## [Activity]
Beginning at the line that contains "a bedroom with a large", reproduce the entries below exactly, ending with the line that contains "Une personne tenant". Omit each picture.
####
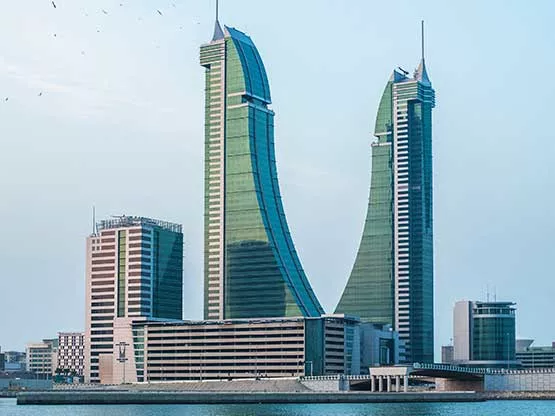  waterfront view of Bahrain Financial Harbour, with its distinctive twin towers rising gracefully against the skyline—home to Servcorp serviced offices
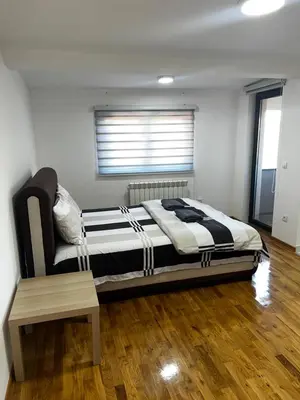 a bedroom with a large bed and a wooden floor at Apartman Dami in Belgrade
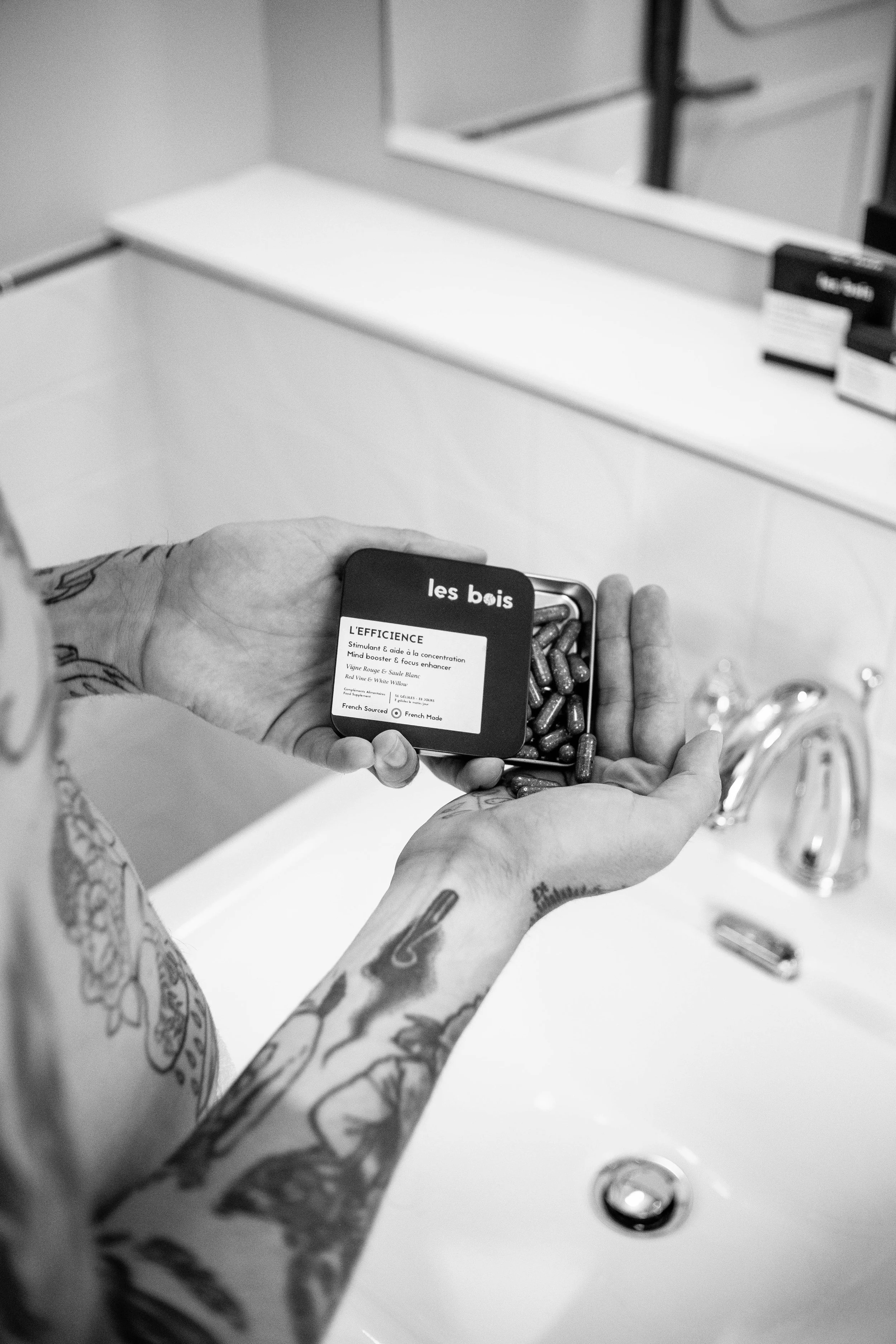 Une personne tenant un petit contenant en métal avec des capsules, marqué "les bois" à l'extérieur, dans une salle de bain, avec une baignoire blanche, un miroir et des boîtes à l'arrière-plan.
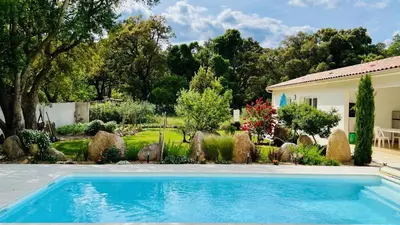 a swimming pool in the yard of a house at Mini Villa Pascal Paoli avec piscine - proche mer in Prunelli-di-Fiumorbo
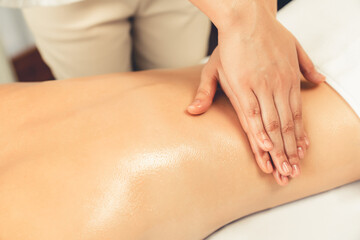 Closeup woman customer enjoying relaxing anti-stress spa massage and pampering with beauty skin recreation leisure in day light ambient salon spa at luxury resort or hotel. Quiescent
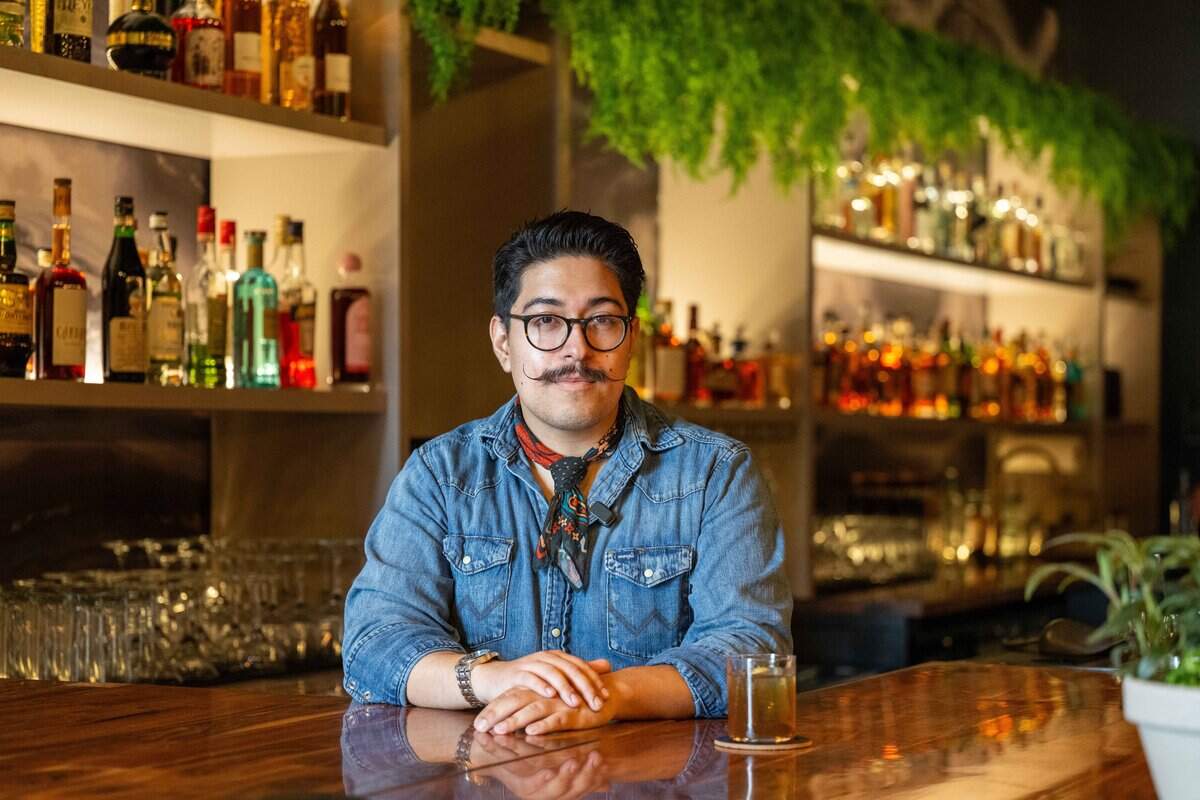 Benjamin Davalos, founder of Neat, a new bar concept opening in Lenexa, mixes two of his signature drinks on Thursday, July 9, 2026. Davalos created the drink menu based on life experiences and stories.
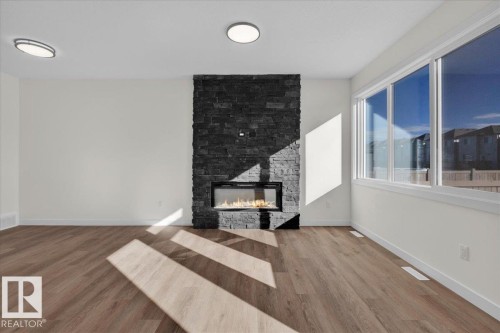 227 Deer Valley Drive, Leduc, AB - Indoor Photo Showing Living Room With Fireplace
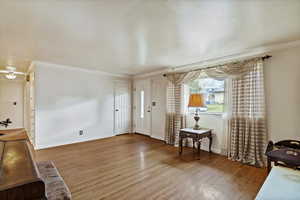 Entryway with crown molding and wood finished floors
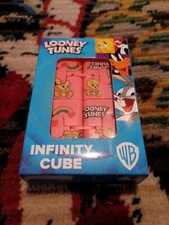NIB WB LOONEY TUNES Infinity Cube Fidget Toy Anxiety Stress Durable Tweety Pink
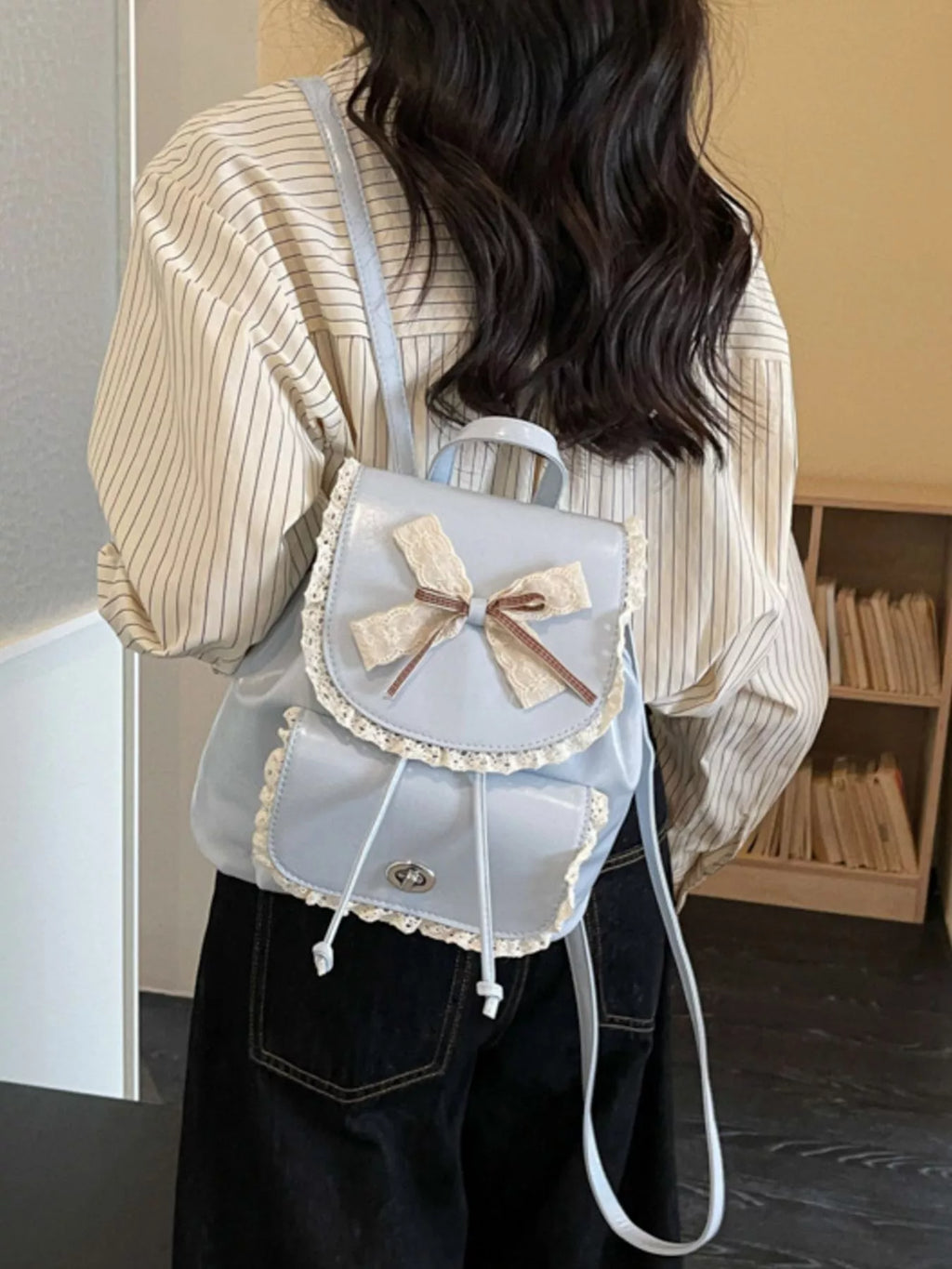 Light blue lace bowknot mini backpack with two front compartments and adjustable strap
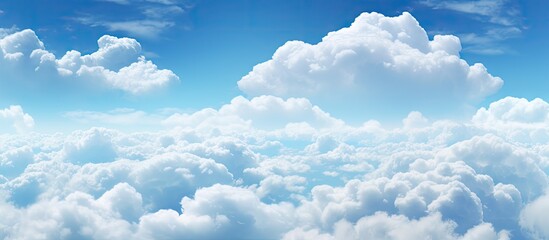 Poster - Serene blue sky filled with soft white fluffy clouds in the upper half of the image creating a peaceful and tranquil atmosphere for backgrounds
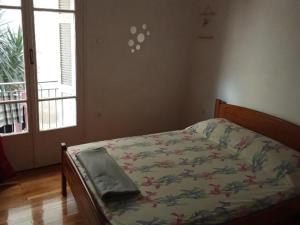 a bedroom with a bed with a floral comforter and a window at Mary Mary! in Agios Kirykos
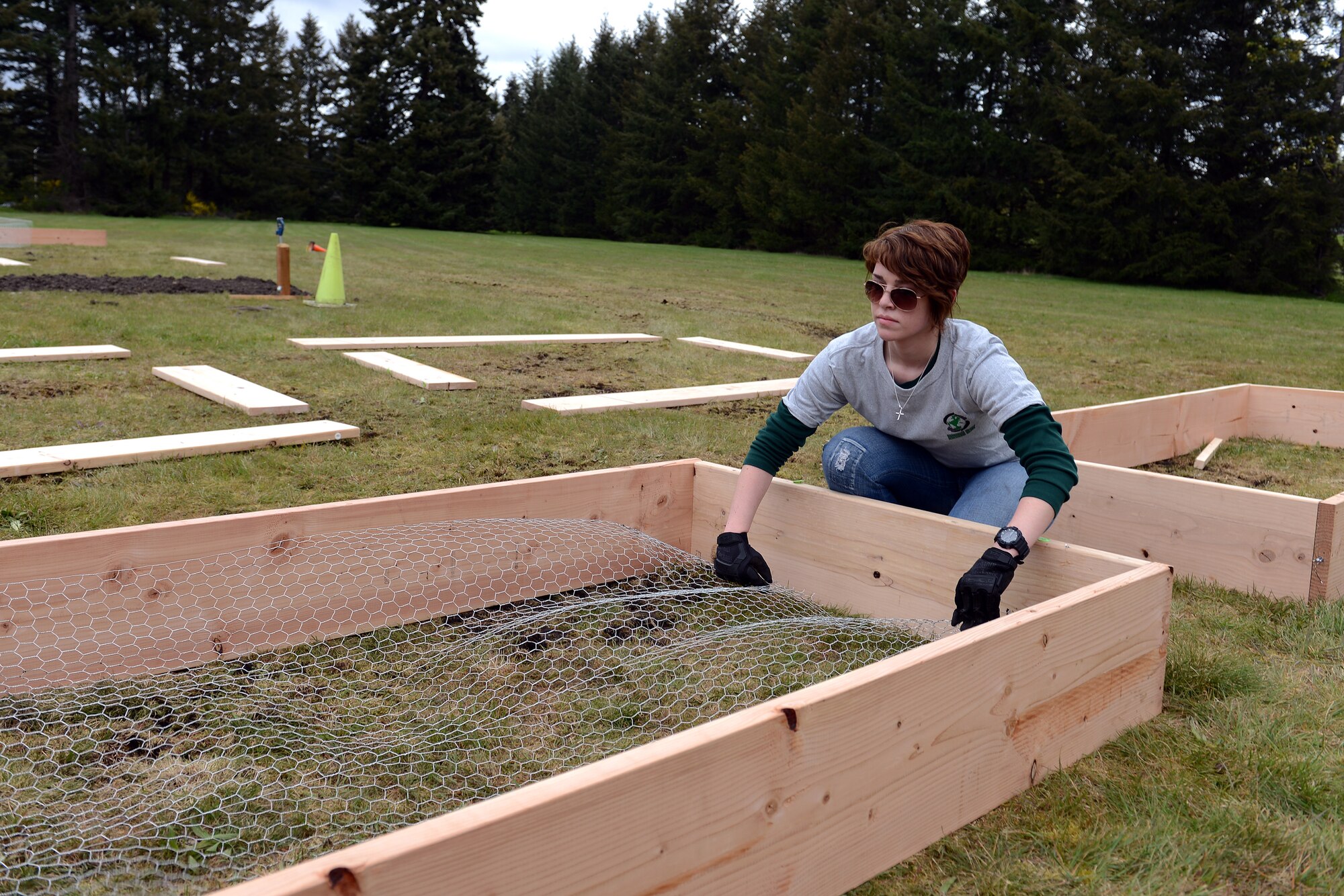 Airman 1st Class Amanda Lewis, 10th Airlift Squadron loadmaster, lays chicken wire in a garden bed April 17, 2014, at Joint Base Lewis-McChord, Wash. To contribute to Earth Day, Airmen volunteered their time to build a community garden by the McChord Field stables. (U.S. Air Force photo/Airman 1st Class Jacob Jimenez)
####
## [Task solution]
 a bedroom with a large bed and a wooden floor at Apartman Dami in Belgrade
 Une personne tenant un petit contenant en métal avec des capsules, marqué "les bois" à l'extérieur, dans une salle de bain, avec une baignoire blanche, un miroir et des boîtes à l'arrière-plan.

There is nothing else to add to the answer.